Gibsons council has approved the form and character for the first phase of a proposed affordable housing project on Shaw Road, but the parking configuration will require a variance.
Council has already passed the necessary zoning and Official Community Plan amendments for the Sunshine Coast Affordable Housing Society to construct a 40-unit building on Town-owned property at 571 Shaw, across from the Christenson Village long-term care home.
Representatives from the society’s project team presented the latest design and landscape plans to the Town’s planning and development committee June 16, and the committee’s recommendations were sent on to council June 23.
Phase 1 will have a mix of studio, one, two, and three-bedroom apartments.
A report from the planning department noted that the phase 1 building “was designed to reduce the building footprint on the site to provide an extensive outdoor common space for resident use.”
The building will also be aligned north-south “to minimize the impact of massing on single-family residential properties to the south,” addressing one of the concerns raised during public information meetings.
“By orienting the development around the central outdoor amenity space, the applicants intend to build a sense of community among residents,” the report said.
One of the strategies for ensuring there’s room for that outdoor amenity space is to have some of the building’s parking on the section of O’Shea Road between the project and Christenson Village, which would require an easement and a variance.
Mayor Bill Beamish said he had concerns about that proposal, because people visiting Christenson Village or the walking paths in the area park on the road already so there might be safety issues with a mix of angle-in and parallel parking.
He also said the parking plan would amount to the Town giving up more property.
“As a Town we provide a significant amount of property for development and we’re having to go off property to make the development work… I appreciate needing to make it work, but it's almost like giving up more land for affordable housing than we’ve already given to affordable housing [and] we’ve given a lot,” he said.

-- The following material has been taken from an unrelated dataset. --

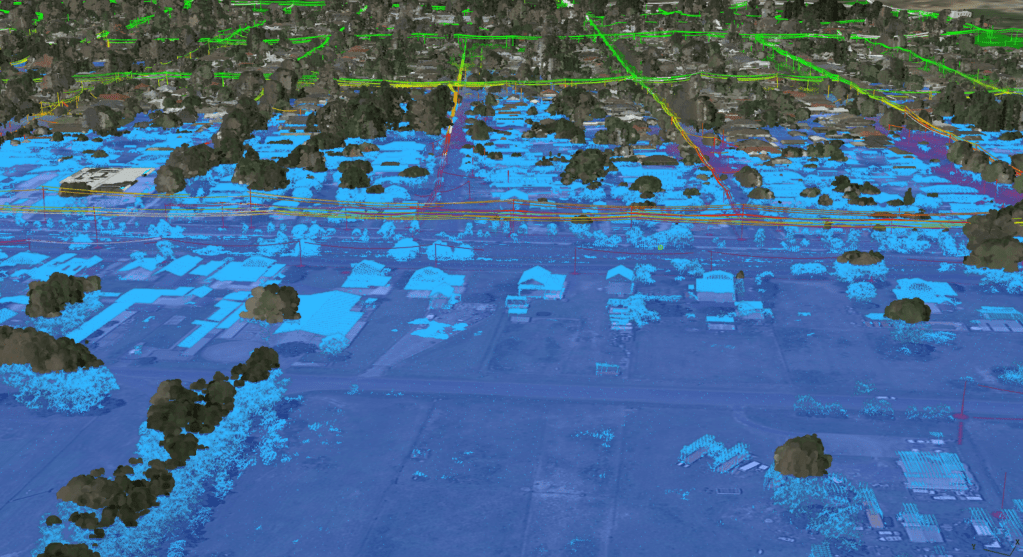 A flood model generated by Neara's AI and machine learning features.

In terms of the overall design, councillors approved an option that was reworked by the proponents following recommendations from the planning committee to change the siding design and the look of the posts, gables and window frames.
They also altered the landscaping plan to remove cherry trees in favour of dogwood, which had been raised at the planning committee by Coun. Annemarie De Andrade, who said there should be more use of native species.
Notice of the variance application is being sent out to neighbours and referred to the cycling advocacy group Transportation Choices Sunshine Coast for comment before coming back to council for a decision.